竟然坦率道歉!這不可能是哥布林!阿德總算實際認知到問題的嚴重性。
「我是李明德,你叫李小綠。」阿德只好乾乾地重覆一次緊急捏造的假名給店長。
店長仍然保持一貫撲克臉,眼神卻透出微微的依賴,像是汪洋中的一條船找到勉強可以停棲的簡陋港口,看來「小綠」這個名字對他而言也有點既視感,因此沒有馬上質疑,然後是更響亮的腹鳴聲。
「小綠餓了,其他晚點再說,天氣這麼冷,我們去外面的房間煮火鍋好了。」泰哥打斷對話。
「喔,好。」這個提議倒也正中下懷,阿德還沒問出泰哥的來歷。
三人爬出總統套房要塞,移動到較通風安全的地方開伙。
泰哥放置小瓦斯爐與食材的地方位於離逃生梯最近的房間,廢棄飯店的電梯故障多年,逃生梯是唯一上樓的途徑,泰哥不久前也埋伏在此等候不知情的阿德經過。
自從見識到泰哥的要塞,阿德忽然明白離樓梯口最近的房間其實是哨站。
泰哥開門招待兩人入內,房間本身也打掃得很乾淨,但擺設不多,只有一個裝滿舊書的書櫃和雙人份桌椅,窗下半日照區域擺著十來個盆栽,在廢墟樓房中自有一股令人放鬆的空靈氣息。
玫瑰桌巾和插著野花的水瓶讓整個房間多出女性化的感覺,不可能是泰哥的喜好,像是他特地為某人布置一樣。
但這間套房怎麼看也不像有人居住的樣子,只有下午茶用的桌椅,不見床或沙發,原本的家具好像被清掉了,空氣味道聞起來就像阿德名下的臺北舊公寓,當上夢想交易所店員以後阿德就很少回家,套句妖怪的說法──沒什麼人味。
泰哥從衣櫃裡拿出卡式瓦斯爐、鍋碗瓢盆和大瓶礦泉水,煮起對單身漢來說最好打發的火鍋料理,阿德震驚地看著店長也幫忙剝起高麗菜葉放進開水燉煮。
「那個……我哥哥醒來前的話題,泰哥,你到底是什麼人?」
「告訴你也沒差,我已經跟小綠說過了,反正本來就沒特別隱瞞,只是大部分聽過的人都不相信我的經歷。」泰哥盯著逐漸冒出氣泡的湯底說。
「我們不是大驚小怪的人啦!你看我都二十幾歲了,可是只有高中畢業而已,之後我都在社會上混,什麼怪事沒見過?反正我哥也夠奇怪了。」阿德這段話半點都不誇大。
「好吧!你聽過『夢想交易所』嗎?」
「咳噗!」正在試喝湯頭高麗菜甜味有無出來的阿德嗆住了。
「那是什麼地方?」知道!知道!太清楚了!你眼前就坐著夢想交易所的店長和店員啊!
但現在哥布林失去實力和店長資格,交易所又有營業問題,他們還被幻影旅團追殺,傻瓜才承認身分,話說不要知道太多對一般人類也是好事,沒必要讓不知情的客人牽扯進來。
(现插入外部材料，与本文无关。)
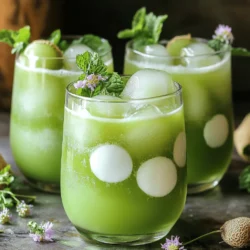 - Honigmelone: Diese Melone ist süß und saftig. Sie enthält viele Vitamine und Mineralien. Honigmelonen sind reich an Vitamin C. Sie helfen, das Immunsystem zu stärken. Zudem sind sie kalorienarm und perfekt für den Sommer. - Matcha-Grünteepulver: Matcha bietet viele gesundheitliche Vorteile. Es enthält Antioxidantien, die gut für die Haut sind. Matcha steigert auch die Konzentration und Energie. Es ist ein grüner Tee, der den ganzen Teeblatt enthält, was ihn besonders macht. - Kokosmilch: Kokosmilch ist eine tolle pflanzliche Milch. Sie ist cremig und gibt dem Getränk einen köstlichen Geschmack. Sie eignet sich gut für Menschen, die Laktose meiden. Kokosmilch ist ebenfalls reich an gesunden Fetten, die gut für das Herz sind. Für dieses Rezept, schaue dir die [Full Recipe] an, um alle Schritte zu sehen! Melonenmix zubereiten Zuerst musst du die Honigmelone vorbereiten. Nimm zwei Tassen Honigmelone und schäle sie. Schneide die Melone in kleine Würfel. Gib die gewürfelte Melone, einen Esslöffel Honig und einen Esslöffel Limettensaft in einen Mixer. Mixe alles, bis du eine glatte Mischung hast. Seihe die Mischung durch ein feines Sieb in eine große Schüssel. Benutze einen Spatel, um die Flüssigkeit gut herauszuholen. Matcha-Paste herstellen Nimm einen Teelöffel Matcha-Grünteepulver und gib ihn in eine kleine Schüssel. Füge ein paar Esslöffel Kokosmilch hinzu. Verquirle die Mischung, bis sie glatt ist. Achte darauf, dass keine Klumpen entstehen. Diese Paste bringt den Matcha-Geschmack in dein Getränk. Mischungsverhältnis und Serviervorschlag In einer großen Karaffe vermenge die gesiebte Honigmelonenmischung mit der restlichen Kokosmilch. Rühre gut um, damit alles gut vermischt ist. Wenn du mehr Süße magst, füge einen Esslöffel Agavensirup hinzu und rühre weiter. Eis hinzufügen und garnieren Fülle Gläser mit Eiswürfeln. Gieße die Honigmelonenmischung ein, bis die Gläser drei Viertel voll sind. Nimm die Matcha-Paste und löffle sie vorsichtig auf die Mischung. Sie sollte schön oben schwimmen. Für die Dekoration kannst du essbare Blumen oder Minzblätter hinzufügen. Das sieht toll aus und schmeckt auch super. Für das vollständige Rezept schau dir bitte den Abschnitt "Full Recipe" an. Um den perfekten Matcha Honeydew Cloud Tea zu machen, ist das Mixen der Zutaten wichtig. Achte darauf, die Honigmelone gut zu pürieren. Ein starker Mixer hilft dabei, eine glatte Mischung zu erzielen. Nachdem du die Melone gemixt hast, seihe die Mischung. Ein feines Sieb entfernt das Fruchtfleisch. Benutze einen Spatel, um die Flüssigkeit besser herauszuholen. So bekommst du eine klare Basis für das Getränk. Beim Matcha ist die Klumpenbildung ein häufiges Problem. Um Klumpen zu vermeiden, mische das Matcha-Pulver zuerst mit etwas Kokosmilch. Rühre kräftig, bis eine glatte Paste entsteht. Dies hilft, Klumpen zu verhindern. Verwende auch einen kleinen Schneebesen, um die Paste gut zu vermischen. Die Präsentation ist wichtig. Verwende hohe Gläser, um die Schichten sichtbar zu machen. Fülle die Gläser zuerst mit Eiswürfeln. Dann gieße die Honigmelonenmischung ein, bis sie drei Viertel voll sind. Löffle die Matcha-Paste vorsichtig darauf. So entsteht der Wolkeneffekt. Für einen schönen Look kannst du essbare Blumen oder frische Minzblätter verwenden. Sie geben dem Getränk eine frische Note. Du kannst auch kleine Snacks oder Desserts dazu servieren. Kekse oder fruchtige Muffins passen gut. Diese Kombination macht das Trinken noch angenehmer. Wenn du mehr Ideen brauchst, schau dir die Full Recipe an, um die besten Variationen zu entdecken. {{image_4}} Ich liebe es, mit Zuckeralternativen zu experimentieren. Statt Zucker kannst du Honig oder Agavensirup verwenden. Diese Optionen sind natürlicher und haben oft mehr Geschmack. Du kannst auch Stevia oder Erythrit ausprobieren. Diese Süßstoffe sind kalorienarm und passen gut zu unserem Getränk. Du kannst auch zusätzliche Früchte zu deinem Matcha-Honigmelonen-Cloud-Tee hinzufügen. Mango oder Ananas sind tolle Ideen. Diese Früchte geben dem Getränk mehr Frische und Süße. Sie passen perfekt zur Honigmelone und bringen neue Aromen ins Spiel. Wenn du Koffein meiden möchtest, gibt es tolle Alternativen. Kräuterteemischungen sind eine gute Wahl. Du kannst Rooibos oder Kamille verwenden. Diese Tees haben keinen Koffein und sind sehr aromatisch. Für eine dekoffeinierte Version des Matcha-Honigmelonen-Cloud-Tees kannst du die Matcha-Paste weglassen. Mische stattdessen die gesiebte Honigmelonenmischung mit Kokosmilch. So erhältst du ein ähnliches, leckeres Getränk ohne Koffein. Die Zutaten für Matcha-Honigmelonen-Cloud-Tee sind frisch und lebendig. Lager die Honigmelone im Kühlschrank. So bleibt sie knackig und süß. Die Kokosmilch bewahre ebenfalls im Kühlschrank auf. Sie hält länger, wenn du sie gut verschließt. Nach der Zubereitung ist das Getränk am besten frisch. Du kannst es jedoch bis zu zwei Tage im Kühlschrank aufbewahren. Stelle sicher, dass du es in einem luftdichten Behälter lagerst. So bleibt der Geschmack erhalten und die Aromen frisch. Wenn du Reste hast, kannst du sie einfrieren. Fülle die Mischung in einen geeigneten Behälter. Lass etwas Platz, da die Flüssigkeit beim Gefrieren expandiert. Die Matcha-Paste kannst du ebenfalls einfrieren. Gib sie in ein kleines, luftdichtes Gefäß. So kannst du sie später einfach verwenden. Wenn du die Paste benötigst, tau sie einfach im Kühlschrank auf. Die Konsistenz bleibt gut, und du kannst deinen Tee schnell genießen. Um Matcha-Honigmelonen-Cloud-Tee zuzubereiten, folgen Sie diesen einfachen Schritten: 1. Zutaten vorbereiten: Nehmen Sie 2 Tassen gewürfelte Honigmelone, 1 Esslöffel Honig und 1 Esslöffel Limettensaft. 2. Mixer benutzen: Geben Sie die Melone, den Honig und den Limettensaft in den Mixer. Mixen Sie alles, bis es glatt ist. 3. Mischung sieben: Gießen Sie die Mischung durch ein Sieb in eine Schüssel, um das Fruchtfleisch zu entfernen. 4. Matcha-Paste herstellen: Vermengen Sie 1 Teelöffel Matcha mit etwas Kokosmilch in einer kleinen Schüssel. 5. Kokosmilch hinzufügen: Mischen Sie die gesiebte Honigmelonenmischung mit 2 Tassen Kokosmilch in einer Karaffe. 6. Süße hinzufügen: Fügen Sie 1 Esslöffel Agavensirup hinzu, wenn Sie es süßer mögen. 7. Servieren: Füllen Sie Gläser mit Eis und gießen Sie die Mischung ein. Löffeln Sie die Matcha-Paste darauf, um den Wolkeneffekt zu erzielen. 8. Dekorieren: Garnieren Sie das Getränk mit essbaren Blumen oder Minzblättern. Matcha ist ein besonderes Grüntee-Pulver. Es hat viele Vorteile: - Antioxidantien: Matcha enthält viele Antioxidantien. Diese helfen, den Körper zu schützen. - Energie: Es gibt einen sanften Energieschub. Das macht Matcha ideal für den Tag. - Konzentration: Matcha kann die Konzentration fördern. Es hilft, den Fokus zu verbessern. Im Vergleich zu anderen Tees hat Matcha mehr Nährstoffe. Zum Beispiel hat Schwarztee weniger Antioxidantien. Grüntee hat weniger Koffein. Matcha hat die meisten Vorteile. Ja, Sie können das Rezept leicht anpassen. Hier sind einige Ideen: - Zuckeralternativen: Verwenden Sie Stevia oder Honig, um den Zuckergehalt zu senken. - Milchalternativen: Kokosmilch kann durch Mandel- oder Hafermilch ersetzt werden. - Fruchtvariationen: Fügen Sie andere Früchte wie Mango oder Ananas hinzu. Das gibt neue Geschmäcker. Diese Anpassungen machen das Getränk besser für spezielle diätetische Bedürfnisse. Die Zutaten für Matcha-Honigmelonen-Cloud-Tee sind einfach zu finden. Hier sind einige Tipps: - Supermarkt: Die meisten Supermärkte haben frische Früchte und Kokosmilch. - Bioläden: Matcha-Pulver finden Sie oft in Bioläden oder speziellen Teegeschäften. - Online: Viele Online-Shops bieten frische Zutaten und Matcha-Pulver an. Achten Sie beim Kauf auf die Qualität der Zutaten. Frische Produkte schmecken besser. Das Rezept ergibt 4 Portionen. Es ist perfekt für einen kleinen Anlass oder als erfrischendes Getränk. Nutzen Sie die Portionen nach Bedarf. Sie können die Zutaten auch für größere Mengen einfach verdoppeln. Matcha-Honigmelonen-Cloud-Tee ist frisch, gesund und einfach zuzubereiten. Wir haben die Hauptzutaten und deren Vorteile besprochen. Die Schritt-für-Schritt-Anleitung hilft dir, nichts zu vergessen. Tipps zur perfekten Konsistenz machen das Trinkvergnügen noch besser. Variationen erlauben dir, neue Geschmäcker zu entdecken. Denke auch an die beste Lagerung, um die Frische zu erhalten. Probier es aus und passe das Rezept an deinen Geschmack an. Viel Spaß beim Mixen und Genießen!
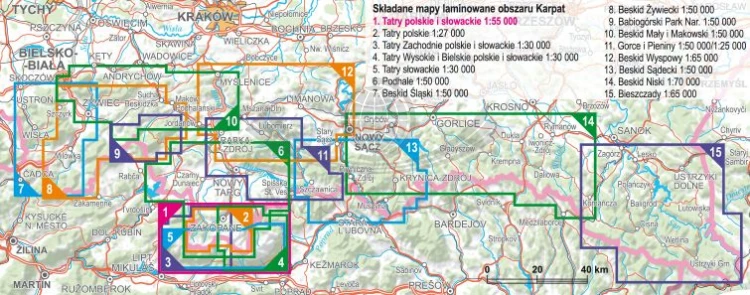 Tatry Polskie i Słowackie 1:55 000. Laminowana mapa turystyczna wydawnictwa ExpressMap. Zasięg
目前參入事件的人都跟夢想交易所有關,天使和惡魔是這樣,詩人和泰哥也是,這是湊巧嗎?還是店長就算失憶了,本能還是認得出交易過的對象?
「五年前,我到了夢想交易所,裡面的聲音告訴我那裡是實現客戶願望的地方,我交易了一個夢想。」泰哥說。
「什麼夢想?」
五年前阿德還不是夢想交易所店員,而那時的哥布林根本不屑在人類面前現身,泰哥理所當然認不出現在的他們,阿德放心了。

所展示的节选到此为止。